After cutting off the sprues (I had a big power bandsaw) and weighing the bars, I remelted them if they were under 10 or 100 oz (usually an air pocket - rare). Otherwise, I stamped a little under the actual weight in tr.oz, with 2 decimal places. I had no problem selling them for a fair premium. The sooted book molds gave a nice smooth surface with nice big crystals. And, of course, the pipe ends up in the sprue, which is cut off. What I hated was stamping them, one character at a time. I always lined up 100 of the 10 oz ones at a time, when I stamped them. Real idiot work. I think it took longer to stamp them than it did to cast them.
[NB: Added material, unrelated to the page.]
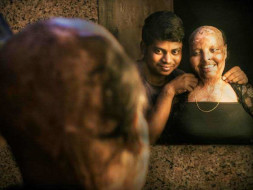 In the name of love for acid attack survivor Rani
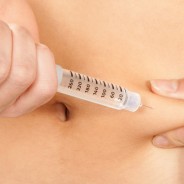 Diabetes Tipo II y la opción quirúrgica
I got pretty fast on the casting, once I was able to not miss the sprue holes.


----------



## Wingedcloud (Aug 17, 2016)

upcyclist said:


> Wingedcloud said:
> 
> 
> > The only thing you said and that I did not understand was this:
> ...


Thanks upcyclist, that clarifies it for sure 
I don't have a silver cell yet, because never recovered or refined silver before. But after getting this little (but valuable) piece of information, i'll surely consider doing a pour shot for later refining 

Winged


----------



## goldsilverpro (Aug 17, 2016)

Wingedcloud said:


> upcyclist said:
> 
> 
> > Wingedcloud said:
> ...



Unless one is a real klutz, any silver coming out of a silver cell is at least 999 Fine and possibly 999.5 or even 999.9 Fine. At just 999, silver is considered *PURE* in commercial trade. The only purpose I can think for shotting pure silver or gold is to sell it to jewelers. Otherwise, for *IMPURE* silver or gold, the purpose of shotting is to increase the surface are so it will dissolve faster. With *PURE* silver, I would probably cast bars and sell them, unless you just want some BB's or cornflake to look at.


----------



## Palladium (Aug 18, 2016)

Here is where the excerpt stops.